À la rentrée 2027, Sciences Po formera 30 spécialistes de « l’intégrité de l’information ». Derrière le renseignement en sources ouvertes et la lutte contre les ingérences se dessine une filière de certification du vrai, conçue avec les institutions, les médias et les experts qui se fréquentent déjà et veulent désormais assurer leur reproduction.
Sciences Po a annoncé le 10 juillet dernier un master en deux ans, « Investigations, Analyse et Intégrité de l’information ». Trois semestres de cours, un semestre de stage ou d’apprentissage, et une promesse modeste : fabriquer des « ingénieurs de la démocratie », le tout sous la houlette de son École de journalisme.
Commissaire de la vérité ou agent de certification médiatique ?
Un diplôme d’ores et déjà annoncé « d’utilité publique » par l’école de la rue Saint-Guillaume. Le programme mêlera l’OSINT — pour Open Source Intelligence, ou renseignement en sources ouvertes —, l’intelligence artificielle, l’analyse de la viralité et les « stratégies de défense et riposte informationnelle ». Il ne bénéficie pas encore de la reconnaissance de la CPNEJ (Commission paritaire nationale de l’emploi des journalistes). Sciences Po n’explique pas encore ce qu’apporte ce master par rapport à un autre.
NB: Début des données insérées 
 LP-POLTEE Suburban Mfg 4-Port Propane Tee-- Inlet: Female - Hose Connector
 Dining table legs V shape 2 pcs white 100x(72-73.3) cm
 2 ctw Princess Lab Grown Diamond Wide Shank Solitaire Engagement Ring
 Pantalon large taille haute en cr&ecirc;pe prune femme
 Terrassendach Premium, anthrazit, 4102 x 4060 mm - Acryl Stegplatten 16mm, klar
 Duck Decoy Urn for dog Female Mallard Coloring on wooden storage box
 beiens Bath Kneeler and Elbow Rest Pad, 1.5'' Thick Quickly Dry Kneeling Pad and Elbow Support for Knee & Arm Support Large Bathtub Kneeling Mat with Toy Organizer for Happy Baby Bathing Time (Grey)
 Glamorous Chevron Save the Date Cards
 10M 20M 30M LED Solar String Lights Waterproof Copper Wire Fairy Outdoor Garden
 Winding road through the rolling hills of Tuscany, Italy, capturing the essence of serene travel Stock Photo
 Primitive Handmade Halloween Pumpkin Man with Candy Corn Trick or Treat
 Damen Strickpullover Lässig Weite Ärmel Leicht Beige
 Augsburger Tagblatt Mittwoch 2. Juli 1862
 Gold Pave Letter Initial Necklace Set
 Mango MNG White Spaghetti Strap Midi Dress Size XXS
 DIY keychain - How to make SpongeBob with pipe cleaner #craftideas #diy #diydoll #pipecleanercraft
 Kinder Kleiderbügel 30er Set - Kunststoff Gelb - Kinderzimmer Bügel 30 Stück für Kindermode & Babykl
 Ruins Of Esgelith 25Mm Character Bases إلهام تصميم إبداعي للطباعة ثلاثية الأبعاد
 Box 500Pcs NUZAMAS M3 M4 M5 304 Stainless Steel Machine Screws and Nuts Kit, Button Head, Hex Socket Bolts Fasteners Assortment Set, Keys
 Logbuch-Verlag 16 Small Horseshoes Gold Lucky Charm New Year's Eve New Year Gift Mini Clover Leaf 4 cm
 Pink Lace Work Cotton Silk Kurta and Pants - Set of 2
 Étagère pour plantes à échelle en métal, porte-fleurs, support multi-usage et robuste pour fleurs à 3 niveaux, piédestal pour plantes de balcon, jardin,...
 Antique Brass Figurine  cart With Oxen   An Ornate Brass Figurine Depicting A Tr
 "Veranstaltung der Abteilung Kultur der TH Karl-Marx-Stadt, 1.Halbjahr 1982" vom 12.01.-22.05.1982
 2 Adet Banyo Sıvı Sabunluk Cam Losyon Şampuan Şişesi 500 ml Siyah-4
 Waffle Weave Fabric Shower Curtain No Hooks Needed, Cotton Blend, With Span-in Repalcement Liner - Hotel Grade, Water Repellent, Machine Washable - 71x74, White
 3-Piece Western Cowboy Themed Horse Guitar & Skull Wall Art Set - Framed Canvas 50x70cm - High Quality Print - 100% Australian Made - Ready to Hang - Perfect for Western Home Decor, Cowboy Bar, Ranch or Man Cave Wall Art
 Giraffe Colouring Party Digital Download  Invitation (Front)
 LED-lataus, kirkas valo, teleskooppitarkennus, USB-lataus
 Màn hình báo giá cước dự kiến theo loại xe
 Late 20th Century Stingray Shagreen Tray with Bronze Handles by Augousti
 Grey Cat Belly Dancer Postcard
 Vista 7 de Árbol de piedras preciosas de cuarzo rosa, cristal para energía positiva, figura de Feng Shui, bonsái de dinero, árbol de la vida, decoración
Pour l’heure, les débouchés restent flous : « les diplômés de ce cursus seront des experts d’un nouveau genre ». Sciences Po veut croire que « les profils sont déjà recherchés par les employeurs, dans les médias et hors médias, dans les entreprises privées et les administrations publiques ».
Trente gardiens du vrai, dûment homologués
C’est sûr, on retrouve déjà autour du berceau France Télévisions, VIGINUM, Politico, NewsGuard ou Bloom, dans un casting très américain. Philippe Corbé, directeur de l’information de France Télévisions, cité dans la brochure en ligne, assure qu’« il est précieux d’avoir de jeunes journalistes formés à ces questions ».
Visiblement, les institutions qui s’alarment de la désinformation ont contribué à dessiner la formation de ceux qui viendront ensuite l’identifier et, pourquoi pas, définir le périmètre du dicible et de l’indicible.
Sélection interne, externe… et facture germanopratine
Le master sera accessible à partir de bac + 3. Les étudiants inscrits à Sciences Po passeront par la procédure interne d’orientation. Les candidats extérieurs suivront une procédure française ou internationale selon leur diplôme. L’établissement promet des profils divers, mais exige un « excellent dossier académique ».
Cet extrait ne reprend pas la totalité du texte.